Assignment
Where the line holding "Costway Set da" appears, start copying, and continue exactly through the last line of the listing, skipping pictures.

Dataset content
━━━━━━━━━━━━━━━━━━━━━━━━━━━━━━

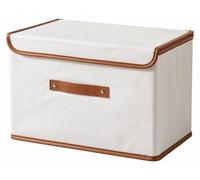 Boîtes de rangement en tissu Oxford avec couvercle intégré - grand organisateur de vêtements, 44 x 30 x 29 cm, beige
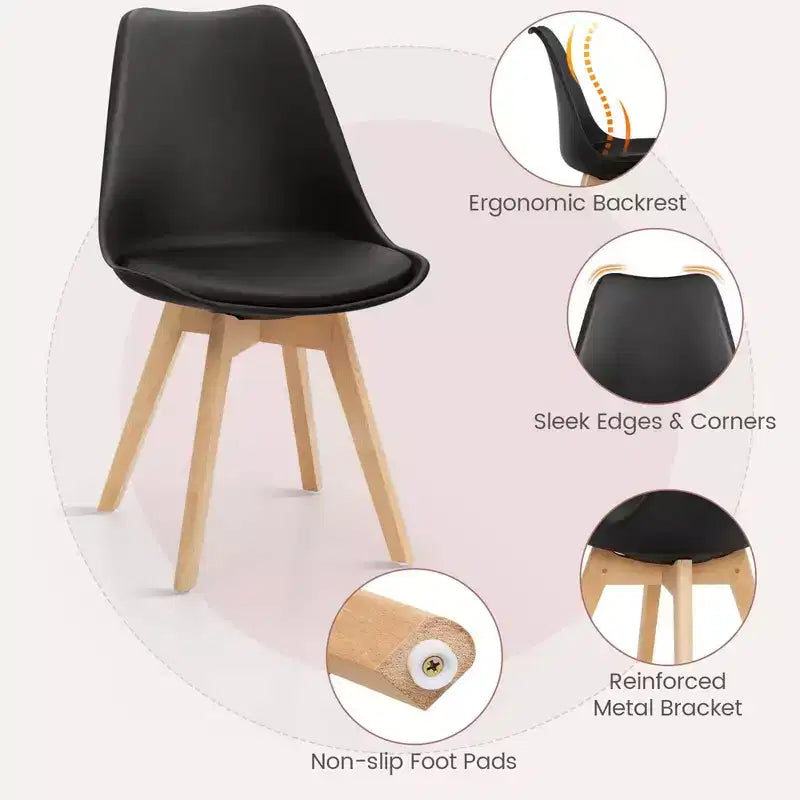 Costway Set da Pranzo 5 Pezzi Tavolo Rotondo Moderno 4 Sedie per Cucina con Spazio Ridotto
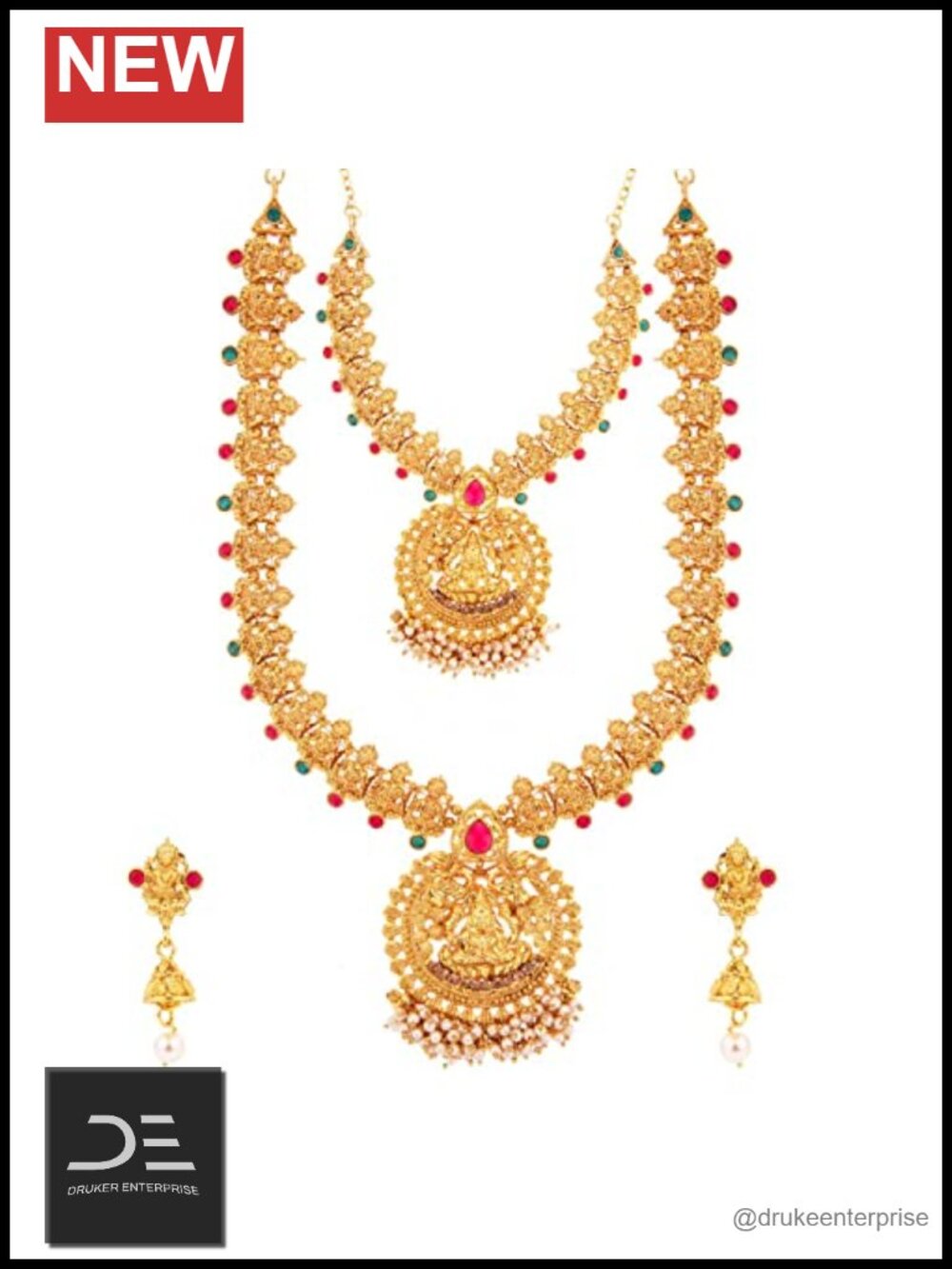 Gold Plated Indian Rani Haar Jewelry Set with Choker Necklace and Earrings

━━━━━━━━━━━━━━━━━━━━━━━━━━━━━━

The answer
 Costway Set da Pranzo 5 Pezzi Tavolo Rotondo Moderno 4 Sedie per Cucina con Spazio Ridotto
 Gold Plated Indian Rani Haar Jewelry Set with Choker Necklace and Earrings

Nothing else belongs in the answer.